DistinguishedPapyrus said:


> No I just used a straight edge all the way down the MDF piece. The piece I was trimming needed to come all the way to the bit until the bearing was riding the wenge, and that determined the depth stop point. If it was just a single piece of wood I was trying to trim I would've built up the edge of the MDF on the recieving side after the bit with a veneer or even spray glued a strip of poasterboard (it's basically MDF, compressed wood fibers). I have done something similar to that before though that I'll try to post pics of tomorrow if I can get some time to.

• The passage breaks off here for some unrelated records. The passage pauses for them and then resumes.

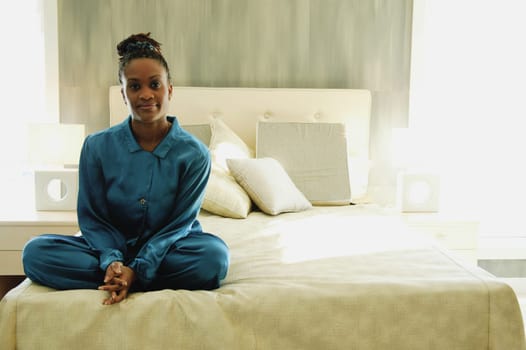 Woman sits cross-legged on a bed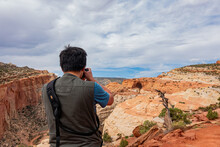 Photographer Taking Picture Of The Beautiful Cassidy Arch Of Capitol Reef National Park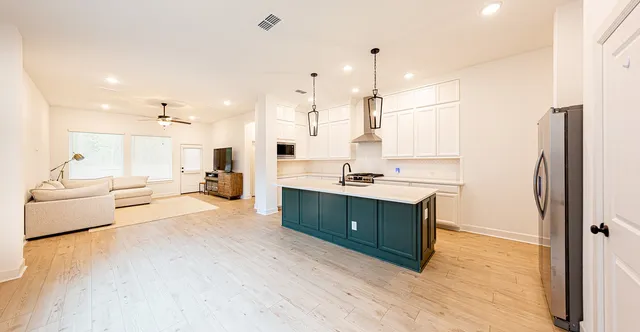 a room with kitchen island a sink stainless steel appliances and cabinets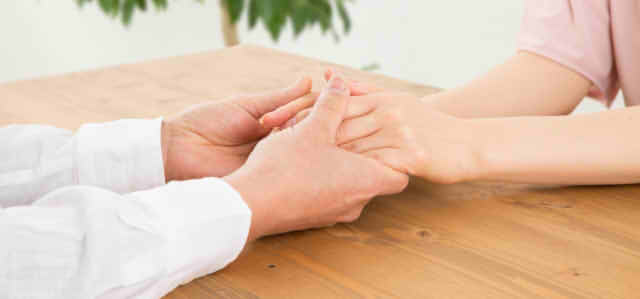 手を握り合う男女の画像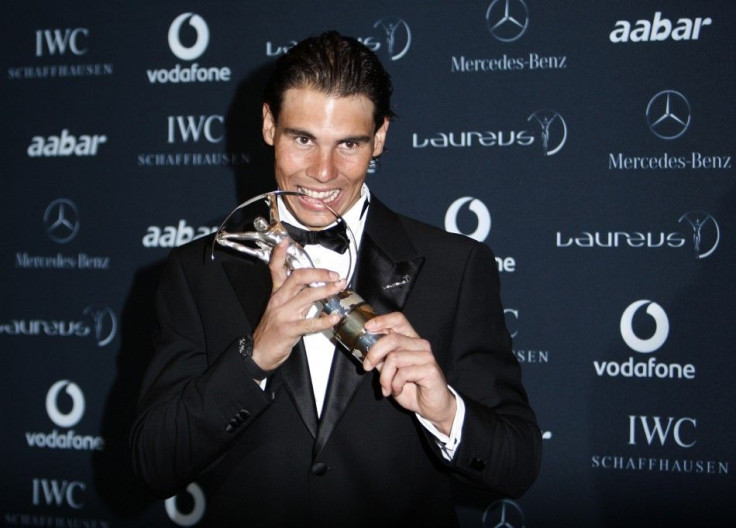 Tennis champion Nadal poses with his Laureus World Sportsman of the Year Award at Emirates Palace in Abu Dhabi.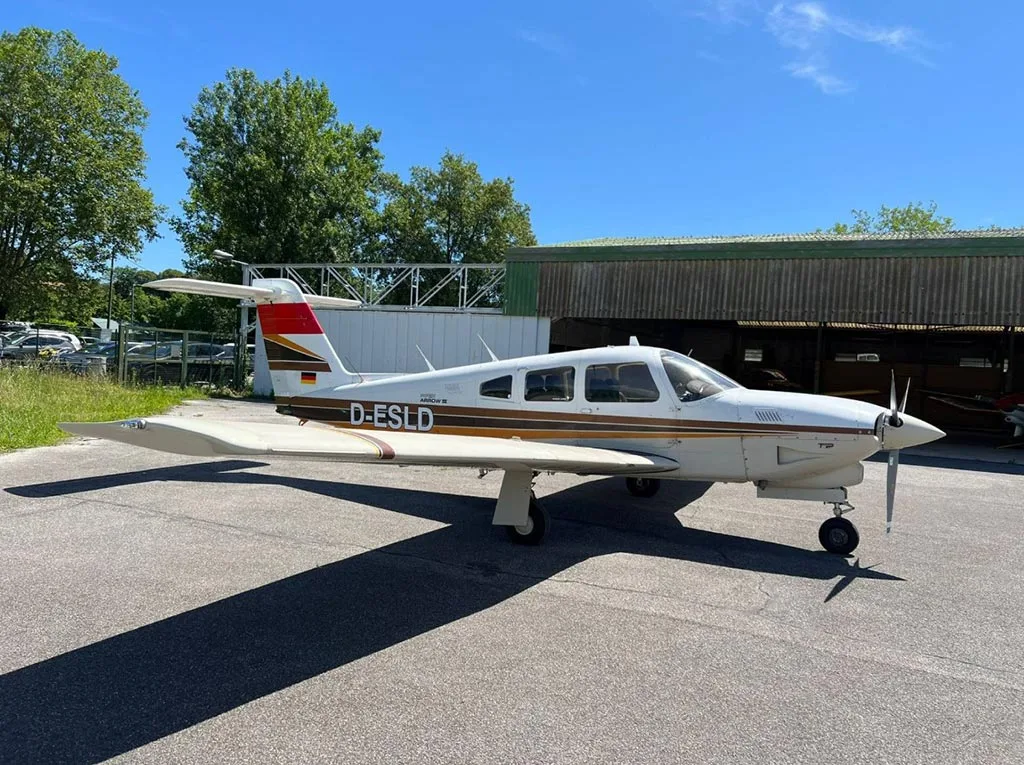A white and brown Piper Arrow III (D-ESLD) parked on an apron next to a green hangar.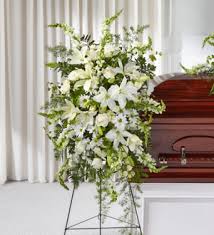 We take the mystery out of sending condolence flowers by answering the 10 most common questions people have about using flowers to express their sympathy. Rembrandt Florist At Restland The Ftd Loving Thoughts Standing Spray Dallas Tx 75243 Ftd Florist Flower And Gift Delivery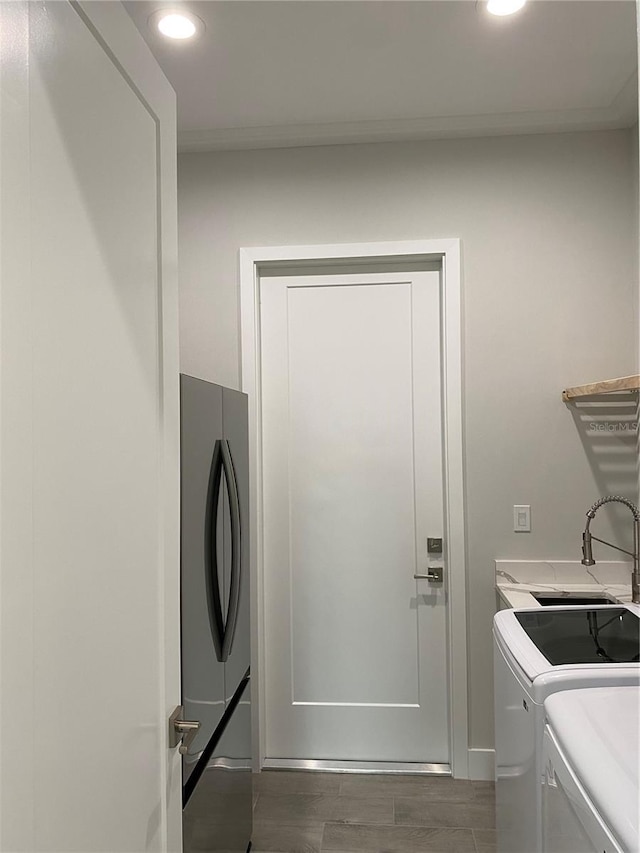 clothes washing area featuring washing machine and clothes dryer, laundry area, recessed lighting, a sink, and dark wood-style floors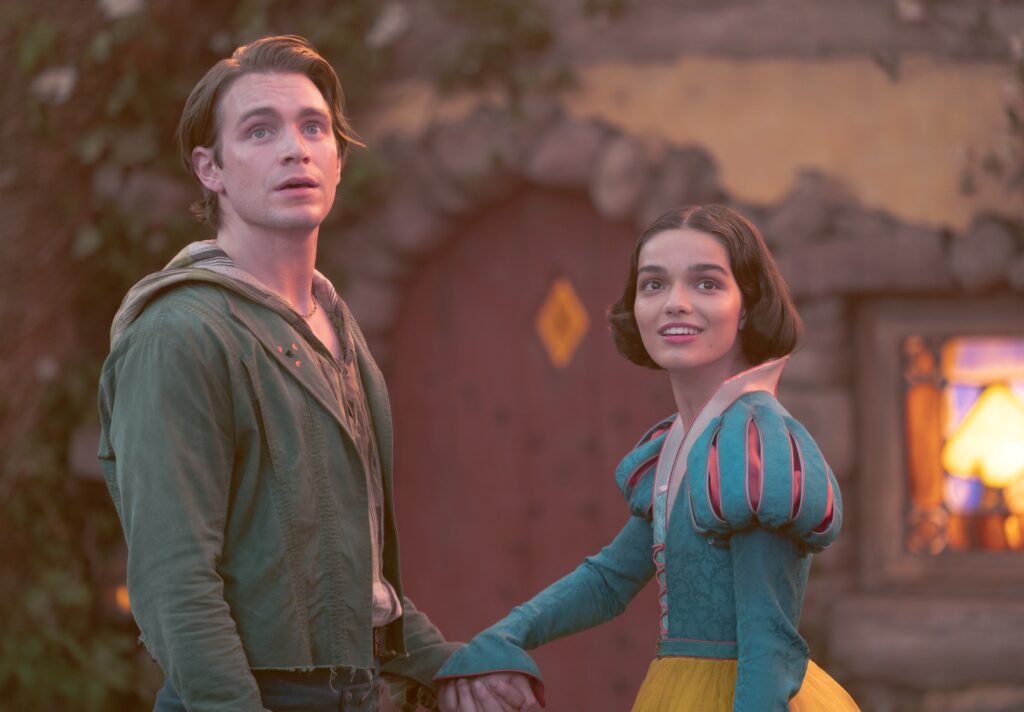 Jonathan (Andrew Burnap) looking vaguely confused, as Snow White (Rachel Zegler) holds his hand in Snow White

Who needs an adjustable outfeed table when you can just DIY something up?


----------



## DistinguishedPapyrus (Mar 25, 2015)

this is the other router / joiner jig thing I was talking about. MDF sheet on top of the table, half of it has a piece of poaster board spray glued to it. Router bit sticks up to be flush with the poaster board. start your piece of stock on the left side sliding it back and forth over the bit and moving from the bare MDF to the poaster board side and it'll shave off really thin layers each pass. 

Takes some time to get it set up right and get a good feel for it but can be used effectively. 

This helps in alot of things, I used it to sort of re-surface a headstock cap.


----------



## immortalx (Mar 25, 2015)

That's a very nice jig man! I've only seen this setup with a router fence (like on your other jig), but this one is pure genius! Thanks for sharing that!


----------



## electriceye (Mar 25, 2015)

Can't wait to see more! 

How thick is that body?? It looks huge, but maybe it's just the picture.


----------



## DistinguishedPapyrus (Mar 25, 2015)

It's the standard 1.75" blank. It is a little thick for my taste so I'm probably gonna mill it down some depending on how the whole guitar balances after I make a little more progress into this build.


----------



## DistinguishedPapyrus (Apr 3, 2015)

I finally got a few days off so I got back in the garage on this build, just did some neck work today. Got the neck blank flattened, leveled, scarf joint cut and glued...


I was worried it would be too thin, turns out after this initial flattening, its 0.92", enough to make it happen 





Cut the scarf joint with the router on angled rails.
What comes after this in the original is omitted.